Opel in Rüsselsheim
The dispute over company pensions has been settled.
(Photo: imago / Jan Huebner)
Rüsselsheim At the car manufacturer Opel, the management and works council have settled their dispute over company pensions for around 15,000 employees. According to a joint communication to the workforce, the Opel parent company Stellantis undertakes to pay interest on future deposits of at least 3.25 percent. This rate may rise if the related Euribor rate recovers.

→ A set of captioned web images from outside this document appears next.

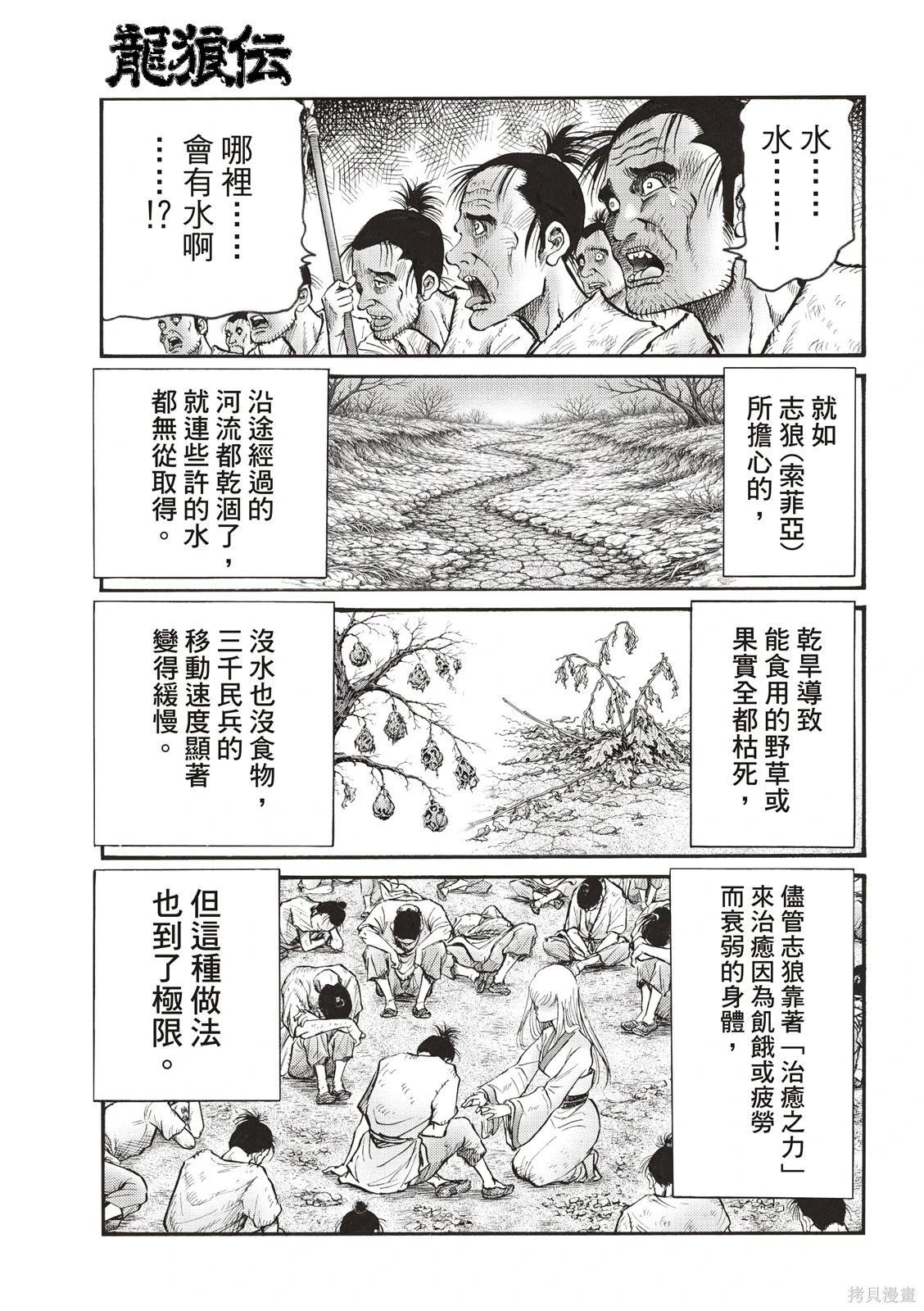 🍔龙狼传 王霸立国篇 第79话 第7页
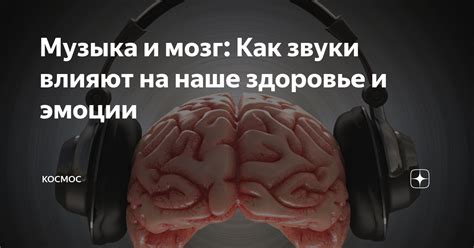 Воздействие музыки на движение: как звуки влияют на шаги и походку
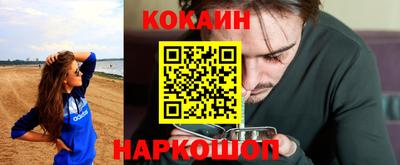 гидропоника Малоярославец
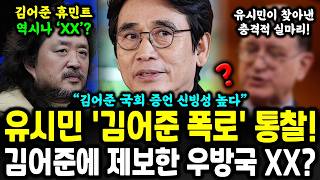 유시민 역대급 통찰 김어준 폭로 진실인가 거짓인가 분석 대박 났다 [upl. by Eentruoc]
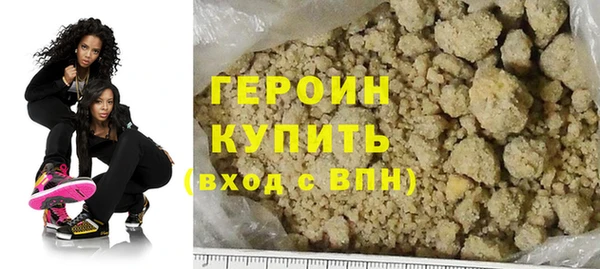 эйфоретик Бородино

This does not affect the older deposits, for which an average interest rate of 5 percent applied, which Opel alone had guaranteed. For long-term employees, the options have also been expanded to choose between one-off and installment payments as well as an annuity of the capital. In the future, employees will be able to pay in for their company pension using deferred compensation. The management also undertook not to make any deviations from the company pension scheme for the next three years.
While the employee representatives had spoken of low fixed amounts and cuts of around 80 percent at the beginning of the negotiations, the group works council chairman Bernd Lösche was now satisfied: “This agreement will bring security to the employer-financed pension scheme for Opel employees for many years to come. The comparatively high level of the Opel pension scheme was guaranteed for all employees. ”
Opel HR manager Ralph Wangemann welcomed the agreement: “With the new system we ensure that our employees continue to benefit from attractive conditions while the company can position itself even more competitively.” Opel has larger locations in Rüsselsheim, Eisenach and Kaiserslautern.